## Assignment:
Omit all pictures, then repeat the listing exactly.

## Information shown:

________________________

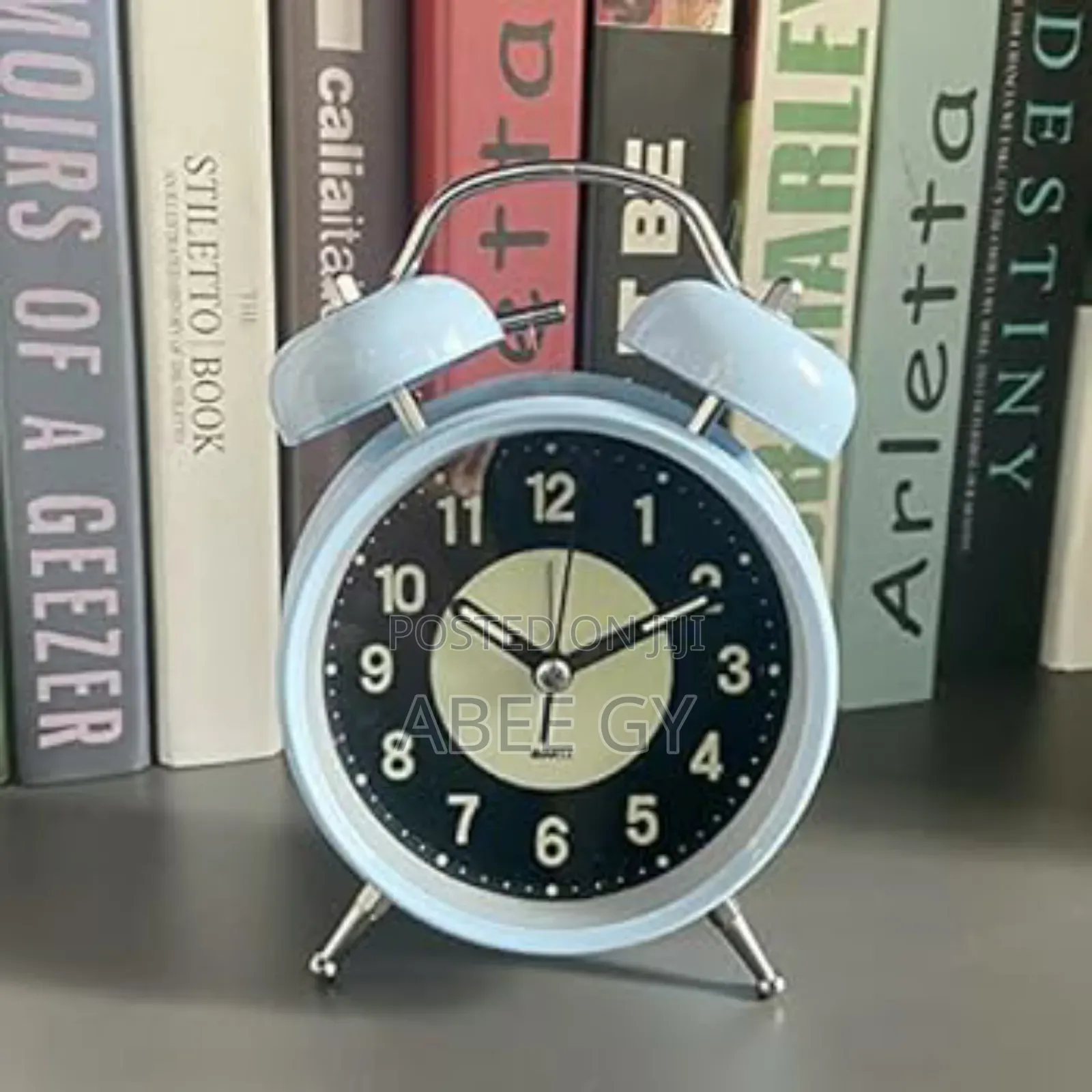 Bed Side Alarm Clock Bell Type With Light Quartz Batery Operated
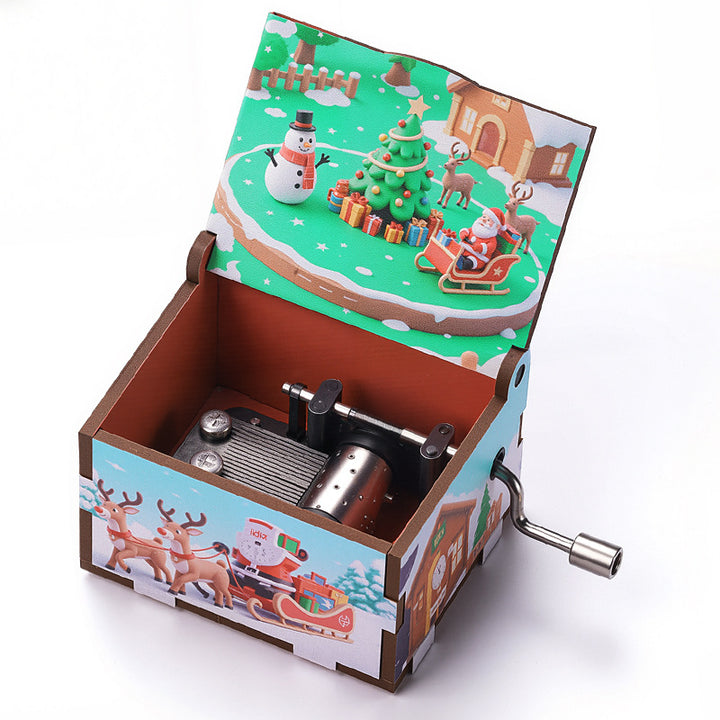 Wooden music box with Christmas motifs, hand-operated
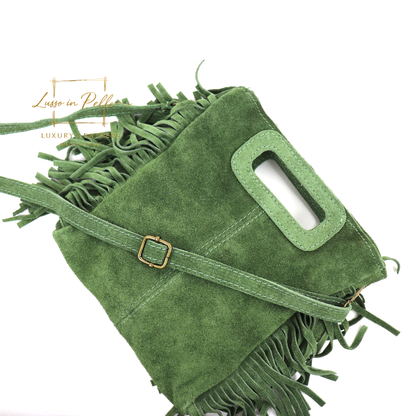 Suede Boho Tassel Crossbody Bag with Adjustable Detachable Straps
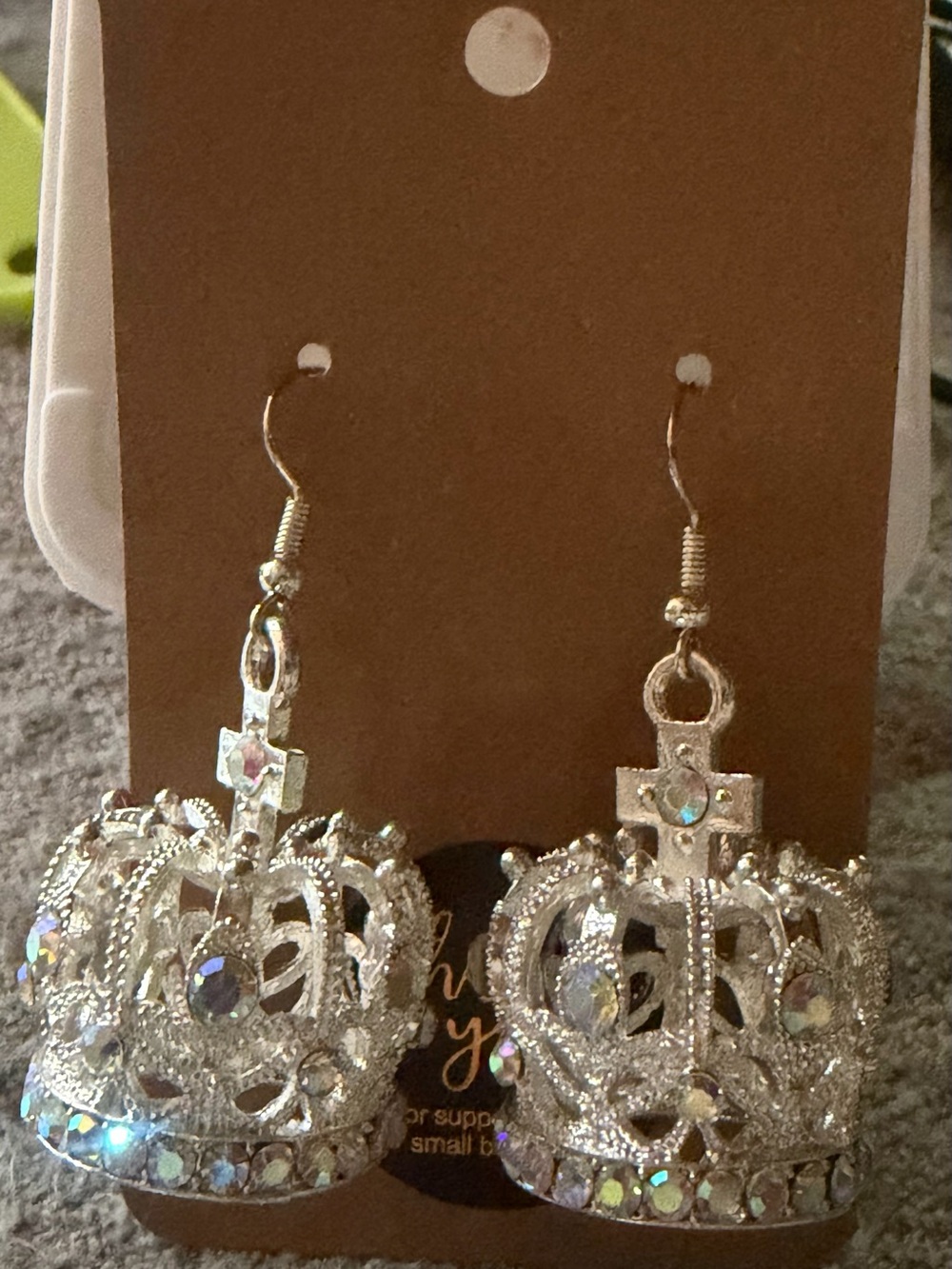 Silver Tone Crown Drop Earrings with Iridescent Stones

________________________

## Answer below:
 Bed Side Alarm Clock Bell Type With Light Quartz Batery Operated
 Wooden music box with Christmas motifs, hand-operated
 Suede Boho Tassel Crossbody Bag with Adjustable Detachable Straps
 Silver Tone Crown Drop Earrings with Iridescent Stones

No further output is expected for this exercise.